Ордер о назначении Миллера пока что в исполнение приводить не стали, и Ломоносов возобновил активную работу в департаменте. Но 10 марта на заседании конференции у него произошла стычка с Миллером. Историограф, в качестве конференц-секретаря, делал доклад на совершенно постороннюю тему – замещение кафедры ботаники. Ломоносов вдруг прервал его и потребовал пересмотреть принятое год назад решение и напечатать все уже подготовленные карты. Миллер ответил, что под решением стоят подписи всех академиков. Ломоносов ответил, что это ничего не значит, что подписи получить нетрудно и что “полезному делу” хотят воспрепятствовать “мошенническим образом” (“auf eine spitzbuerische Weise”). Миллер хлопнул дверью, а Ломоносов, почувствовав, что перегнул палку, добавил, что не имеет в виду никого лично.

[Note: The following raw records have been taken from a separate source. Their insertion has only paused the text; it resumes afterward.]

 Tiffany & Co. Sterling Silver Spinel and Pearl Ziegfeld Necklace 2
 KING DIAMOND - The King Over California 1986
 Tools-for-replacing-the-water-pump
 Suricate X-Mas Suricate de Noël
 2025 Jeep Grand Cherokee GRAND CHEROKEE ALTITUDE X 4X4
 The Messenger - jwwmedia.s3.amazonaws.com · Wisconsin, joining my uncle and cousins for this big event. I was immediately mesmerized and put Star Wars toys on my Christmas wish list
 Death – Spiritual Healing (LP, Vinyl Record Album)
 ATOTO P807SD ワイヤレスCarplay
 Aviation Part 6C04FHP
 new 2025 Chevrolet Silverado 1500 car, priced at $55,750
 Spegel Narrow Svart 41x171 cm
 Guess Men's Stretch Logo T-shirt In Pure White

После этого он (то ли из-за нездоровья, то ли ожидая разрешения своих споров с Миллером и Таубертом) опять перестал ездить в академию. Тауберт, однако, счел необходимым 4 апреля послать Ломоносову на дом все бумаги, выпущенные канцелярией за время его болезни. Ломоносову предлагалось задним числом подписать их. Тот отказался: “На всех сиих делах резолюции от Его Сиятельства Академии наук Президента”. При этом Ломоносов потребовал “до его приезда не чинить в канцелярии никаких дел, а особливо по расходованию денежной казны” и как можно скорее разрешить следующие вопросы: об отправке географической экспедиции, о прикомандировании Попова и Красильникова к Географическому департаменту и о “подаче г. профессором Миллером известия, впредь в Географическом департаменте присутствовать будет ли”. Ломоносов выжидал неделю: видимо, оценивал соотношение сил и в конце концов решил, что оно не в его пользу. За время его болезни многое в стране переменилось. А именно – в январе канцлер Воронцов был отпущен “для лечения” за границу; два месяца спустя “разрешение отъехать на некоторое время в чужие края” получил генерал-поручик Иван Шувалов. Это не была эмиграция в полном смысле слова. Воронцов, через несколько месяцев вернувшийся, продолжал именоваться канцлером, хотя Коллегией иностранных дел руководил теперь Никита Панин; Шувалов, остававшийся во Франции и Италии до 1777 года, исполнял кое-какие разовые поручения русского правительства. Но помочь Ломоносову они уже ничем не могли… Тем временем звезда переселившегося в Москву Сумарокова вновь ярко зажглась: данное в честь коронации по его сценарию представление “Торжествующая Минерва” имело успех при дворе, затмив ломоносовскую оду. Видимо, обо всем этом с грустью размышлял обиженный на всех, уставший, раздраженный поэт, профессор и советник между 4 и 11 апреля. В этот день он, переменив свое решение, подписал все старые бумаги.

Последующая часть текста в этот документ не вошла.